Exhibit 99.1
For Further Information:
AT THE COMPANY: | AT FINANCIAL RELATIONS BOARD: |
Joel Kanter | Erin Cox |
President and Secretary | General Information |
Echo Healthcare Acquisition Corp | (310) 854-8319 |
(703) 448-7688 | ecox@financialrelationsboard.com |
FOR IMMEDIATE RELEASE
ECHO HEALTHCARE ACQUISITION CORP. ANNOUNCES
SEPARATE TRADING OF COMMON STOCK AND WARRANTS
VIENNA, Virginia, June 6, 2006 - Echo Healthcare Acquisition Corp. (OTCBB: EHHAU.OB) announced today that commencing on June 6, 2006, the holders of the Company’s units may separately trade the common stock and warrants included in the Company’s units. The common stock and warrants will trade on the OTC Bulletin Board under the symbols EHHA and EHHAW, respectively.
Echo Healthcare Acquisition Corp. is a blank check company recently formed for the purpose of acquiring, through a merger, capital stock exchange, asset acquisition or other similar business combination, one or more domestic or international operating businesses in the healthcare industry.
A registration statement relating to these securities was filed and declared effective by the Securities and Exchange Commission. This press release shall not constitute an offer to sell or the solicitation of an offer to buy the securities of the Company, nor shall there be any sale of these securities in any state or jurisdiction in which such an offer, solicitation or sale would be unlawful prior to registration or qualification under the securities laws of any such state or jurisdiction.

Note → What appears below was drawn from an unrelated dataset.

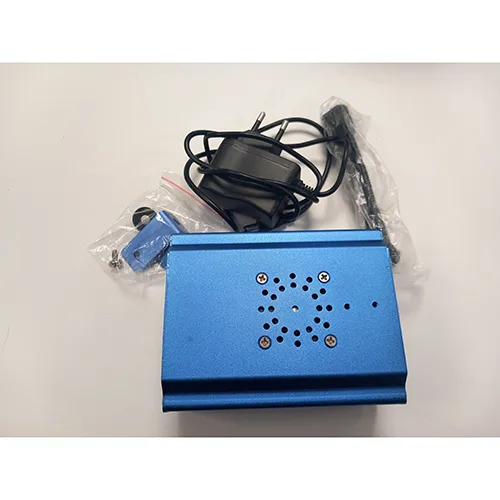 Puntatore laser «PROYECTOR LÁSER "MINI TWINKLING LASER"» — foto 6 dell'alert SR/01801/26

Any statements contained in this press release that do not describe historical facts may constitute forward-looking statements as that term is defined by the United States Private Securities Litigation Reform Act of 1995. Any such forward-looking statements contained herein are based on current expectations, but are subject to a number of risks and uncertainties that may cause actual results to differ materially from expectations such as material adverse events affecting the Company, the ability of the Company to satisfy the conditions to complete the business combination and those other risks and uncertainties detailed in the Company’s filings with the Securities and Exchange Commission. These statements are not guarantees of future performance, and readers are cautioned not to place undue reliance on these forward-looking statements, which speak only as of the date of this release. The Company undertakes no obligation to update publicly any forward-looking statements.